Monday Mark – 8.5 & 9.0


8.5 – For Last Week’s MM:

When have you caught yourself living for the emotional scraps of strangers’ opinions? What did it cost you?

What would living for yourself look like instead?

I used to be really bad about wanting approval from other people. I suppose that’s a byproduct of the trauma that was my entire life. It cost me my peace of mind and confidence. My self-esteem was already shit to begin with, so it didn’t make it any better.

I have learned pretty recently (within the last couple of years) to live for myself, to say ‘no’ when I don’t want to do something. Though, I’ve always been a rebel when it comes to being my authentic self. I know that seems contradictory to my previous paragraph, but it’s true. I’ve basically just been who I want to be and sought approval in other ways. I think I’ve gotten better at it, in most areas of my life.
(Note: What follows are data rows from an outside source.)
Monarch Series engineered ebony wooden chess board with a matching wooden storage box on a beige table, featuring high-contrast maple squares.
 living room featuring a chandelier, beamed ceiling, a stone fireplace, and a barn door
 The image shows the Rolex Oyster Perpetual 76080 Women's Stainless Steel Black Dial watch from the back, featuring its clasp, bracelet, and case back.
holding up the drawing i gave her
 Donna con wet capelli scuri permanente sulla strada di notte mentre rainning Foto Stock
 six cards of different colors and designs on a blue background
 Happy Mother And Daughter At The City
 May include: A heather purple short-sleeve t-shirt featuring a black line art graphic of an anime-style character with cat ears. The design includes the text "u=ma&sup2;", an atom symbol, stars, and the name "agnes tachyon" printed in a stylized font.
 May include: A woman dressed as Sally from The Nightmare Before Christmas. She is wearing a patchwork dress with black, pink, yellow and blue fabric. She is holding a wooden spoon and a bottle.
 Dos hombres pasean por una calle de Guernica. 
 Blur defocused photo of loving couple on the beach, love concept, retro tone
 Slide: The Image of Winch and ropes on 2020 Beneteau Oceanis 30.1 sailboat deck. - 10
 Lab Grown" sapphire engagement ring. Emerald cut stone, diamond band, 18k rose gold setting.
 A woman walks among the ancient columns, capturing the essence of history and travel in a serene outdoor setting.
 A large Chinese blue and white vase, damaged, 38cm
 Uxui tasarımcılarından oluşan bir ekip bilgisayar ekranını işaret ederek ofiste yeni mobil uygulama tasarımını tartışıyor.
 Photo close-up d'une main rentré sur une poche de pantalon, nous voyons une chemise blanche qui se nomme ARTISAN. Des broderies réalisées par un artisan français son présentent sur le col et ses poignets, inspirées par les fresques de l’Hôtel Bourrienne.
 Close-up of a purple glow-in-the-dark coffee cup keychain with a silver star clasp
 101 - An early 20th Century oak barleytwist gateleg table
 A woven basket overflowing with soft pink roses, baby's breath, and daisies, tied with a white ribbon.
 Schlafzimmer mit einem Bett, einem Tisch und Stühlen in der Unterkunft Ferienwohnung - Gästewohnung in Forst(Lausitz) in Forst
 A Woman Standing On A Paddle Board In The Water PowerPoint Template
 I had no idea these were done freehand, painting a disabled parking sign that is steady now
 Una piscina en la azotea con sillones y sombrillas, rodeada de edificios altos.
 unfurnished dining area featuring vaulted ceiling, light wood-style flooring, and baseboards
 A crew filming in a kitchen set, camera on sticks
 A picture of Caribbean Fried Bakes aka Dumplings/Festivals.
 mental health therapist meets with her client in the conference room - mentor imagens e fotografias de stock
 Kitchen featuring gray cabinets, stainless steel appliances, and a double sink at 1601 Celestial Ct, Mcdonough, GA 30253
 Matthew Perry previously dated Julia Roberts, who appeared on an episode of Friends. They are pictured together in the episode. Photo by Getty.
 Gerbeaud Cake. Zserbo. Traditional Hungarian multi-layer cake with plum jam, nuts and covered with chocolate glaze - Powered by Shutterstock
Choose one area of your life where you’ve been living for others—maybe it’s how you spend your free time, the clothes you wear, or the opinions you hold back—and do something just for you this week.

This wasn’t much of a challenge. I do what I want with my time. I definitely dress how I want, mostly for comfort, sometimes because I’m feeling myself. The opinions part, though? I still struggle with that. The Boyfriend would probably say otherwise (haha), but he really doesn’t know just how much I keep my opinions to myself… a byproduct of the Betrayal Trauma and rough go we’ve had together.


9.0 – The Secret to Resilience

Two things for you to think about

You don’t build resilience by feeling good all the time.
You build resilience by getting better at feeling bad.

To deny pain is to deny our own potential growth.

Reflect: Then consider sharing this thought with others.


Two things for you to ask yourself

How good are you at feeling bad? What pain might you be denying?

Recommended: Use these as journaling prompts for the week.


One thing for you to try this week

Pick one thing you’re willing to feel bad about, and decide how this pain will help you grow. Let me know what you find.

Remember: Small changes lead to lasting breakthroughs. 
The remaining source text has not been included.